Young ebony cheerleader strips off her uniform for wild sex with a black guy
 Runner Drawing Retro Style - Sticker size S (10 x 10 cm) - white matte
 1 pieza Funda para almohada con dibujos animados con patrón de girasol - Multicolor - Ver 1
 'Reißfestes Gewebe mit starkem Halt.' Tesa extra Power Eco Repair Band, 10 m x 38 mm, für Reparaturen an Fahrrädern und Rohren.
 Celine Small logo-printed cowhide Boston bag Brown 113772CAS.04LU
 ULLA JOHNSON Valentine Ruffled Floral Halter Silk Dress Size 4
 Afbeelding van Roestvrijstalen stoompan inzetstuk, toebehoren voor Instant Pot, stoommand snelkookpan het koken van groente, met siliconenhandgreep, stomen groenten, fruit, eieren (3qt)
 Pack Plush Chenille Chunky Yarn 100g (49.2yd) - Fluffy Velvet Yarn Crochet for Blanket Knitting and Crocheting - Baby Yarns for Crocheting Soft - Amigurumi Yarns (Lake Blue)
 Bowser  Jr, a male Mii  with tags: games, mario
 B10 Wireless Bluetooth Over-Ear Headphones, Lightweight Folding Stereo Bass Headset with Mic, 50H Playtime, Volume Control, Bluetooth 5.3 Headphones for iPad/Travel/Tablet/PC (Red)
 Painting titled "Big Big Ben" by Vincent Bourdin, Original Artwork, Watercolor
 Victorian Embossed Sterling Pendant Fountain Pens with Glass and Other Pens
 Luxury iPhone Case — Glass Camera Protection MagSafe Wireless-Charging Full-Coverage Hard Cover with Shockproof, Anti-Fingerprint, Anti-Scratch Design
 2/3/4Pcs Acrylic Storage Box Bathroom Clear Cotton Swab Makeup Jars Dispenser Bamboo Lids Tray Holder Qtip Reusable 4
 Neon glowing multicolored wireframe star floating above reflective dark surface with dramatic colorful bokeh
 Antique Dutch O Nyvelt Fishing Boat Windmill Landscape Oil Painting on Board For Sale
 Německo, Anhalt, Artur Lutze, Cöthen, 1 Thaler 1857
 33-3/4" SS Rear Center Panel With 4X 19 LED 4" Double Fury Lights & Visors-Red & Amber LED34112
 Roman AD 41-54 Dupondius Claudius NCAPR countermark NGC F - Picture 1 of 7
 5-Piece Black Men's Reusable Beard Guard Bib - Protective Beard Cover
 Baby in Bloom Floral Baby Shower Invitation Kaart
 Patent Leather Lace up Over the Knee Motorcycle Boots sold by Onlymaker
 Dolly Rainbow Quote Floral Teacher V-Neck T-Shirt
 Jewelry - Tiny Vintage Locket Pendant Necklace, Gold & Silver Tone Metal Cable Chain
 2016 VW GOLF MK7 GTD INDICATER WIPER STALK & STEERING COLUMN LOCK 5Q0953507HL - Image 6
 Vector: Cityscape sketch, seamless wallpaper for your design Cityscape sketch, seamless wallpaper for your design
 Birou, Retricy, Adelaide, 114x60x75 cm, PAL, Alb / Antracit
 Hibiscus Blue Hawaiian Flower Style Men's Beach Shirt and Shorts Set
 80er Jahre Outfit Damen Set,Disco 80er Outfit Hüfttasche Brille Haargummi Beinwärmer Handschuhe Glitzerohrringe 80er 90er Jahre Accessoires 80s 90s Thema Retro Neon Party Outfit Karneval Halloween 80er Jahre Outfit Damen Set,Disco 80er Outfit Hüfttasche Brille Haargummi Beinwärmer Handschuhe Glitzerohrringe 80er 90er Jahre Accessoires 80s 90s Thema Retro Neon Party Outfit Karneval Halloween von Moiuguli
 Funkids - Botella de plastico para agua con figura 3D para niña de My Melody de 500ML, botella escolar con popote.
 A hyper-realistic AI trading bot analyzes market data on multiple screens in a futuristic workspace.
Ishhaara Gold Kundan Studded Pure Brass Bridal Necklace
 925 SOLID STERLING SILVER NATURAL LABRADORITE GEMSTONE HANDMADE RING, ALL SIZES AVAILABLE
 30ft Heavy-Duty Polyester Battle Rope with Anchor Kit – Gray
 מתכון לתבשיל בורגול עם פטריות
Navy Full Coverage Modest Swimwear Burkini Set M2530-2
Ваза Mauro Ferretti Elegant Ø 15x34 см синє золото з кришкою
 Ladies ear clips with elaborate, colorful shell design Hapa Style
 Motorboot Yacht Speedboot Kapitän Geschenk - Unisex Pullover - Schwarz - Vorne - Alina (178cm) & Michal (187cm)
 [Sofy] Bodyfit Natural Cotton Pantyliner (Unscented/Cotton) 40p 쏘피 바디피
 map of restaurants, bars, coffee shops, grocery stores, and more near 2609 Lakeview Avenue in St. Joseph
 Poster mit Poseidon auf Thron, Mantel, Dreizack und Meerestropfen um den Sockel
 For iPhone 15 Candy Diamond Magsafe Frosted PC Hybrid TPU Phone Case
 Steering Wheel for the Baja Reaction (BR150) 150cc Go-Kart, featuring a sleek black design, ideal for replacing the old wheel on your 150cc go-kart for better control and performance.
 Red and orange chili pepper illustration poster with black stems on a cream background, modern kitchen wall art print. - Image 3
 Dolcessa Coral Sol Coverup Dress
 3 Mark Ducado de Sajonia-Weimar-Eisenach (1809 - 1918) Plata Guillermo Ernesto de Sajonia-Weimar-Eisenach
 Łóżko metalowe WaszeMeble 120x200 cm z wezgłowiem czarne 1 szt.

......

Task statement: From the data above, pick out each line containing "Full" and copy it.

Answer section:
 Luxury iPhone Case — Glass Camera Protection MagSafe Wireless-Charging Full-Coverage Hard Cover with Shockproof, Anti-Fingerprint, Anti-Scratch Design
Navy Full Coverage Modest Swimwear Burkini Set M2530-2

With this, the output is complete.